A single Transformer block has two main components:
[ Multi-Head Self-Attention ]
↓
[ Feed Forward Neural Network ]
LLMs contain many such blocks:
- Small models → 12–24 blocks
- Large models → 48–96+ blocks
Each block refines the representation further.
4️⃣ Self-Attention: The Core Power of Transformers 🧠
Self-attention means:
To understand one token, the model determines which other tokens are relevant.
Example
Rahim fixed the server because he understands debugging.
The token “he” attends to “Rahim”.
This is how Transformers learn context and relationships.

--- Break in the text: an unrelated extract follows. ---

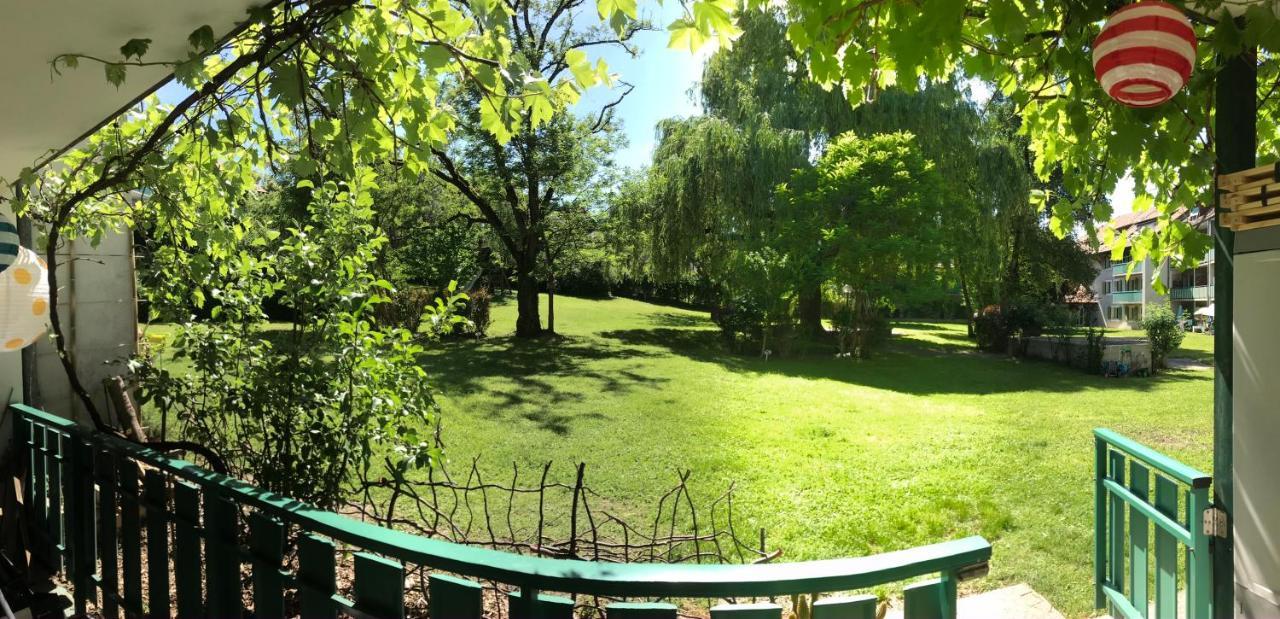 Bernex - Shared Roomate Homestay - Tramway 14 Tpg - Viarhona Homestay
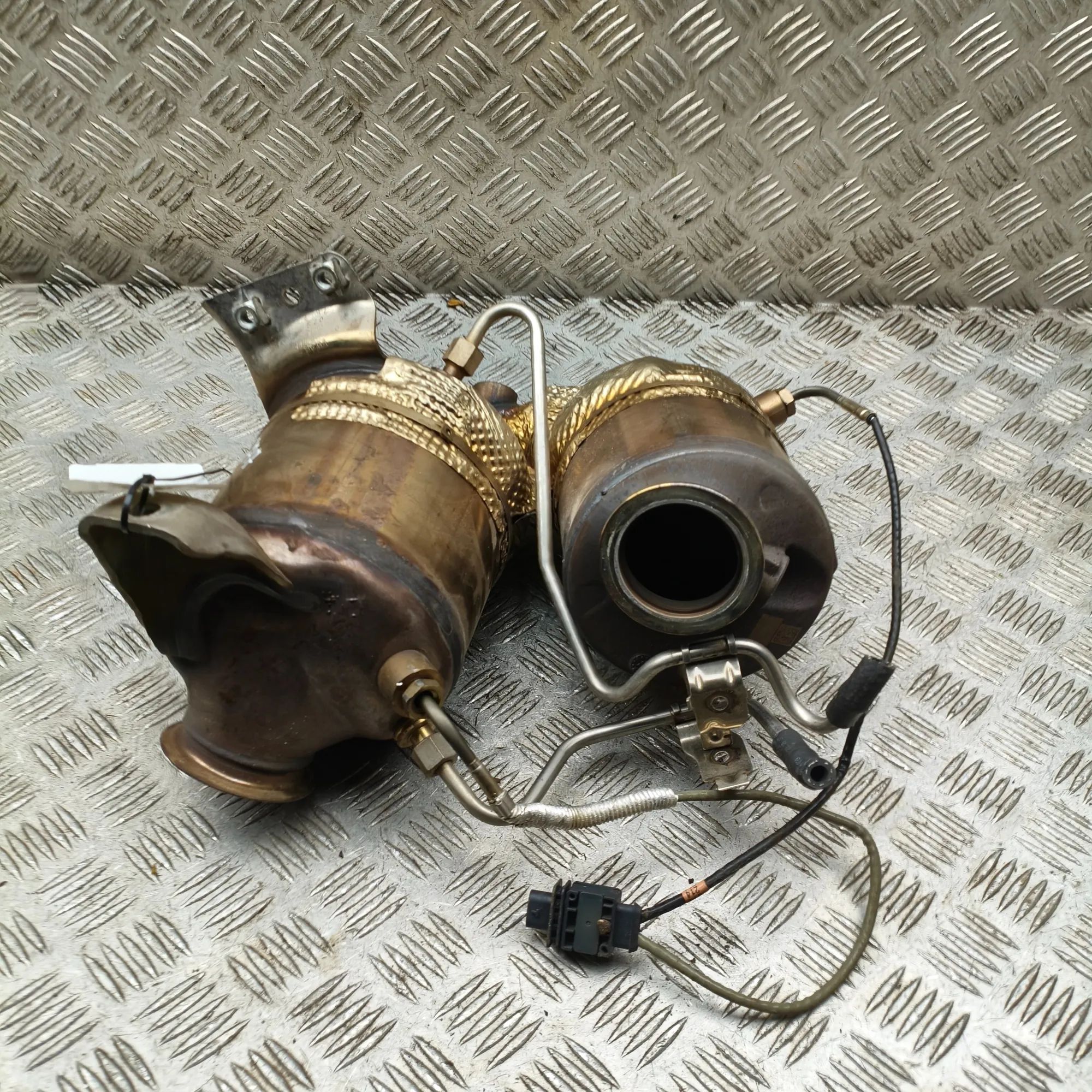 Audi Q3 (F3) katalysaattori Catalytic converter — AUDI Q3 (F3) (2018-...) —...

5️⃣ How Attention Works Internally (Q, K, V)
Each token is transformed into three vectors:
- Query (Q): What am I looking for?
- Key (K): What information do I contain?

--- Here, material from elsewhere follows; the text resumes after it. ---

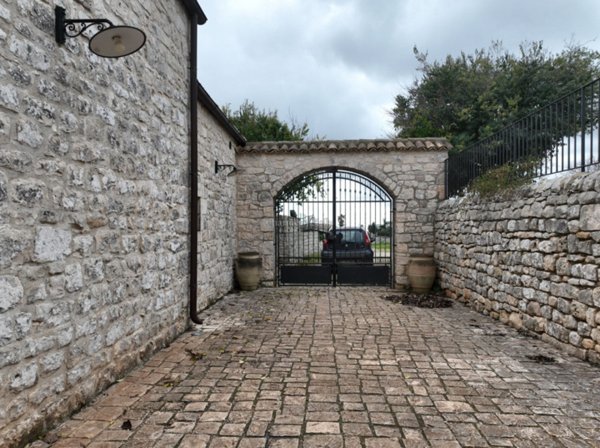 casa indipendente in vendita a Modica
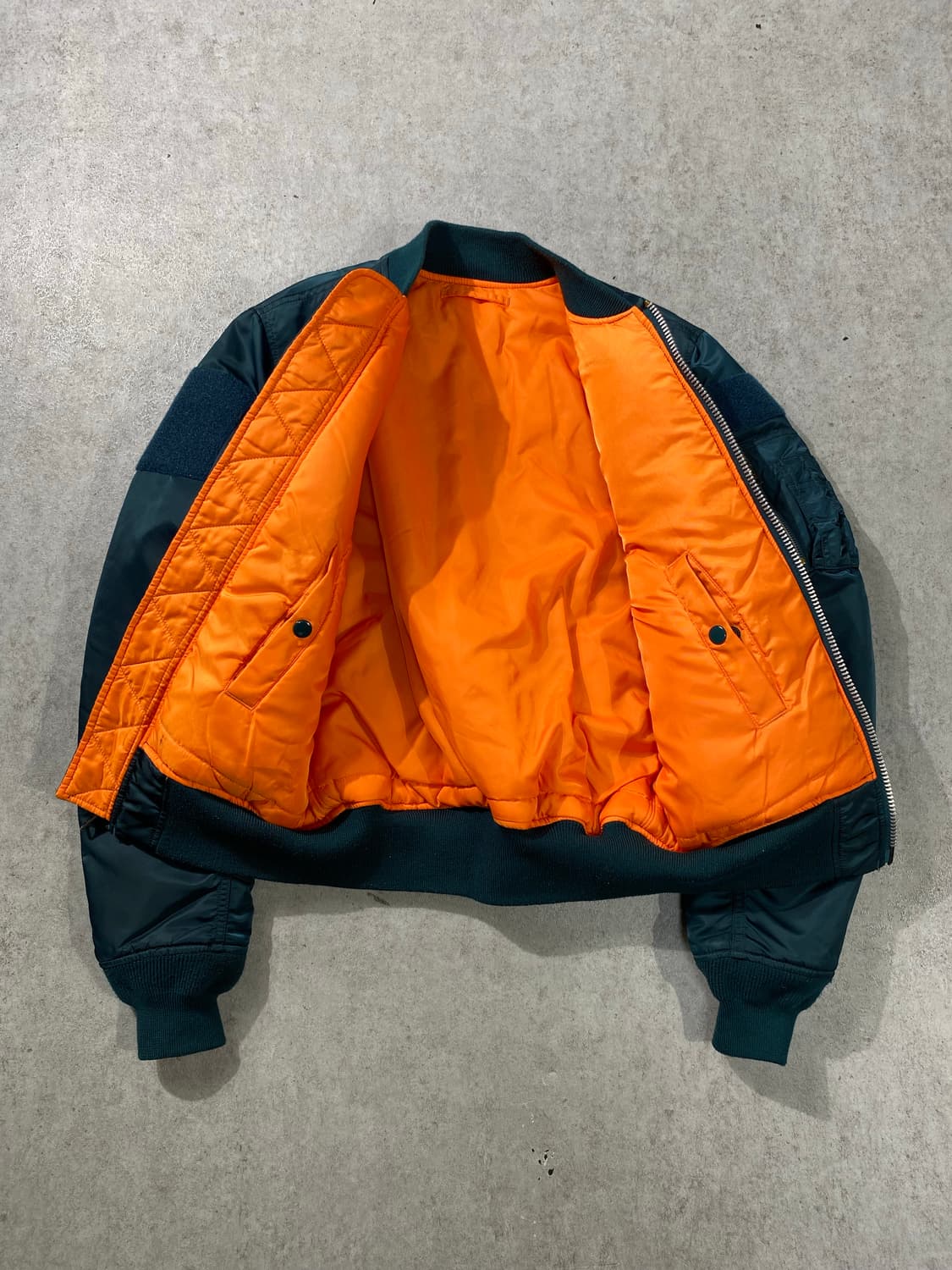 [XS] 알파인더스트리 슬림핏 리버서블 MA-1 플라이트 자켓 상품이미지6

- Value (V): What content should be passed forward?
The core calculation:
Attention Score = Q · K
Tokens with higher scores contribute more strongly.
Final output:
Output = weighted sum of V
6️⃣ Why Multi-Head Attention?
One attention mechanism isn’t enough.
Different heads focus on different aspects:
- Subject relationships
- Time / tense
- Cause–effect
- Intent
Multi-head attention = multiple perspectives
This makes Transformers extremely powerful.
7️⃣ Masked Self-Attention (Critical for GPT Models)
GPT-style models cannot see future tokens.
Example:
Today the server ___
The token “Today” cannot attend to future tokens.
👉 This is enforced using masked self-attention
👉 The model only looks at past tokens
That’s why LLMs generate text step by step.
8️⃣ Feed Forward Network: Pattern Builder
Attention finds relationships.
The feed forward network:
- Learns abstractions
- Builds patterns
- Extracts deeper meaning
Structure:
Linear → Activation → Linear
But at massive scale.
9️⃣ Residual Connections & Layer Normalization
Deep Transformers can become unstable.
To fix this:
- Residual connections preserve information
- Layer normalization stabilizes training
Without these, modern LLMs wouldn’t work.
🔟 What Happens After Multiple Transformer Blocks?
After passing through many blocks, tokens become:
- More context-aware
- More meaningful
- More informed
At the final layer:
"server" understands the full sentence context
1️⃣1️⃣ How Is the Next Token Chosen?
Final output flows through:
Linear Layer
↓
Softmax
Softmax produces probabilities:
down → 55%
slow → 30%
offline → 10%
The selected token becomes the next output, and the process repeats 🔁
1️⃣2️⃣ One-Line Summary
Transformers process all tokens together,
use attention to understand relationships,
and leverage that context to predict the next token.
1️⃣3️⃣ Why Were Transformers Necessary for LLMs?
Because Transformers provide:
✅ Long-range context understanding
✅ Parallel computation
✅ Strong attention-based modeling
✅ Massive scalability
No previous architecture offered all of these together.